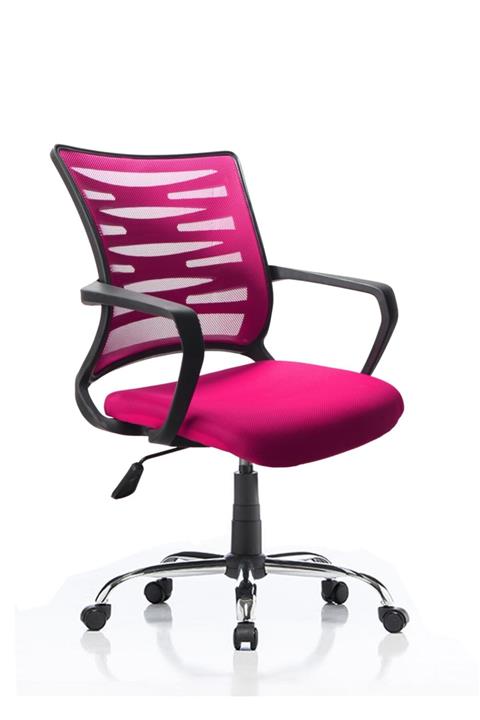 Remaks Rio Pembe Fileli Ofis Çalışma Koltuğu Bilgisayar Koltuğu Krom Ayaklı- Pembe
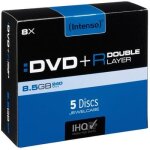 Dvd + r double layer 85go intenso - boitier jewel x5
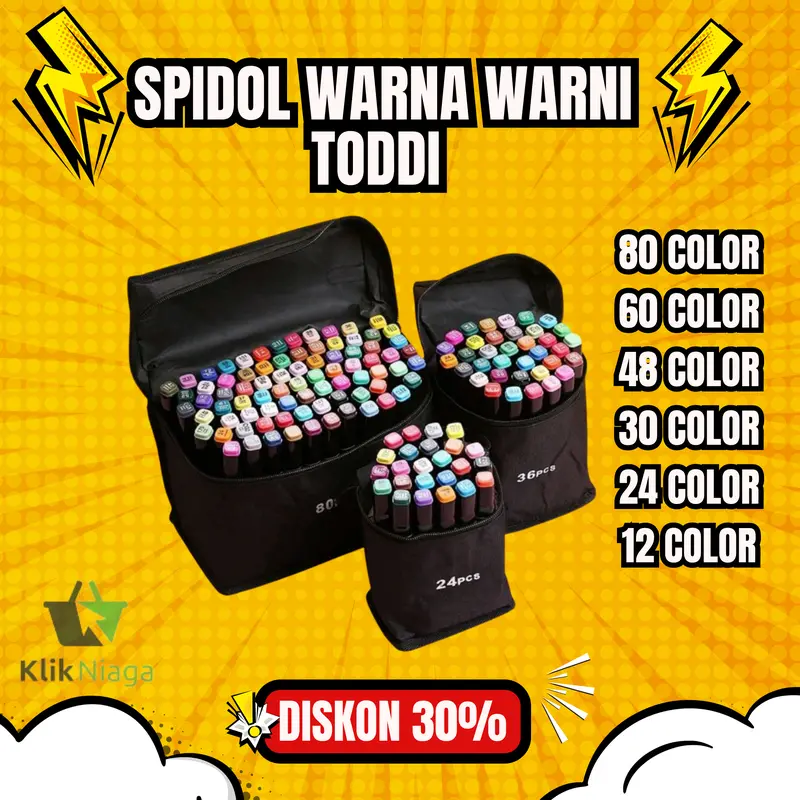 Spidol Warna Warni 1 Set Dual Side Fine Art Brush Pen Art Sketch Marker isi 80/60/48/30/24/12 Color 0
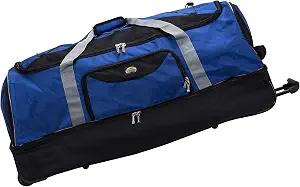 Rockland Drop Bottom 40" Rolling Duffel Bag, Navy
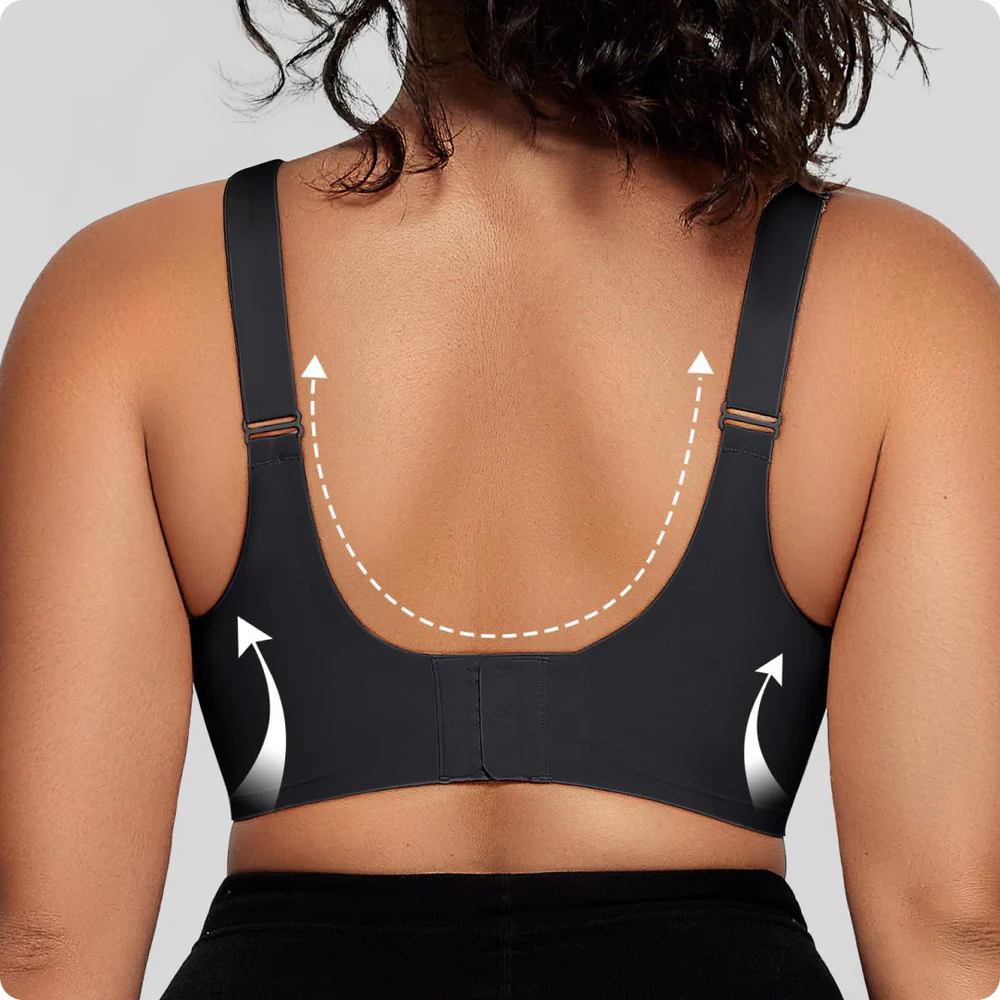 Wireless V-Neck Crossover Mesh Support Bra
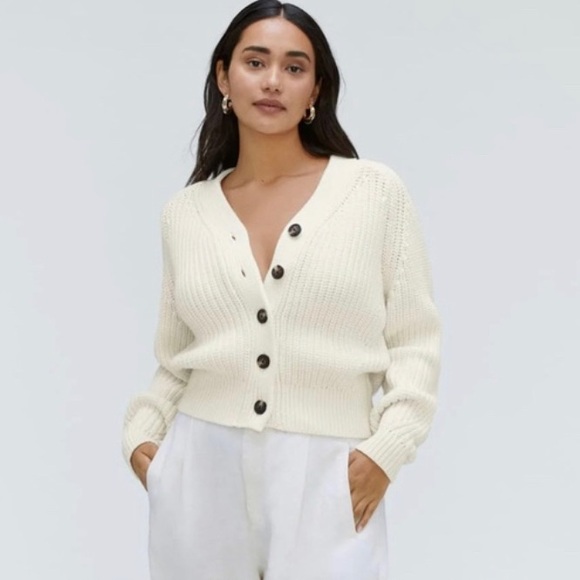 Everlane Sweaters - Everlane The Texture Cotton Chunky Knit Cardigan XS Old Money Academia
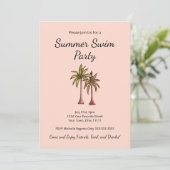 Tropical Palm Trees Elegantes Rosa Pool Party Einladung (Stehend Vorderseite)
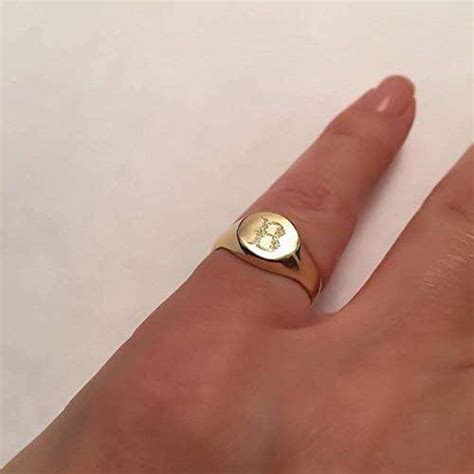 b pinky ring engraved ring personalized ring signet ring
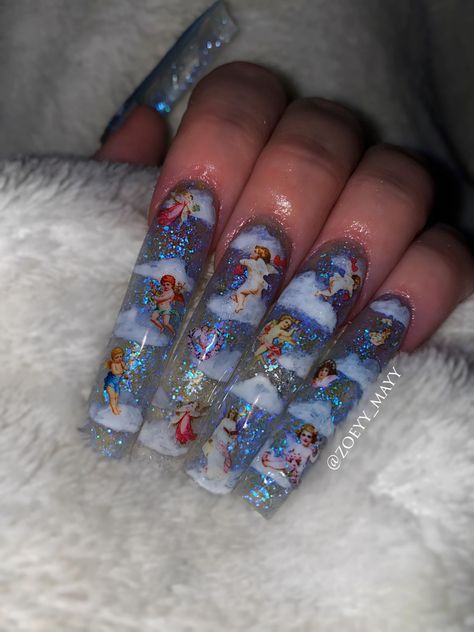 Cherub Nails Designs, Angel Acrylic Nails, Cherub Nails, Heaven Nails, Cloud Nails, Gelpolish Nails, Angel Nails, Really Cute Nails, Exotic Nails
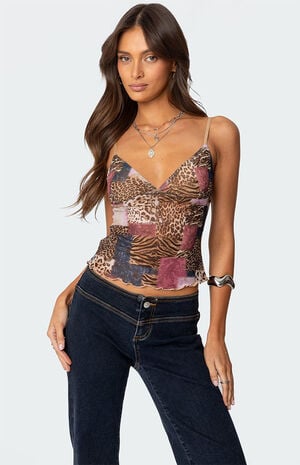 Mixed Animal Print Mesh Tank Top image number 1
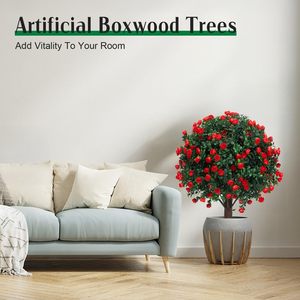 Plantes artificielles de cyprès en topiaire pour extérieur avec piquets, faux arbustes de cèdre résistants aux UV pour la décoration de la véranda. - Product Image 2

:::::

What is expected: Retype each entry exactly. No pictures.

Result below:
 Remaks Rio Pembe Fileli Ofis Çalışma Koltuğu Bilgisayar Koltuğu Krom Ayaklı- Pembe
 Dvd + r double layer 85go intenso - boitier jewel x5
 Spidol Warna Warni 1 Set Dual Side Fine Art Brush Pen Art Sketch Marker isi 80/60/48/30/24/12 Color 0
 Rockland Drop Bottom 40" Rolling Duffel Bag, Navy
 Wireless V-Neck Crossover Mesh Support Bra
 Everlane Sweaters - Everlane The Texture Cotton Chunky Knit Cardigan XS Old Money Academia
 Tropical Palm Trees Elegantes Rosa Pool Party Einladung (Stehend Vorderseite)
 b pinky ring engraved ring personalized ring signet ring
 Cherub Nails Designs, Angel Acrylic Nails, Cherub Nails, Heaven Nails, Cloud Nails, Gelpolish Nails, Angel Nails, Really Cute Nails, Exotic Nails
 Mixed Animal Print Mesh Tank Top image number 1
 Plantes artificielles de cyprès en topiaire pour extérieur avec piquets, faux arbustes de cèdre résistants aux UV pour la décoration de la véranda. - Product Image 2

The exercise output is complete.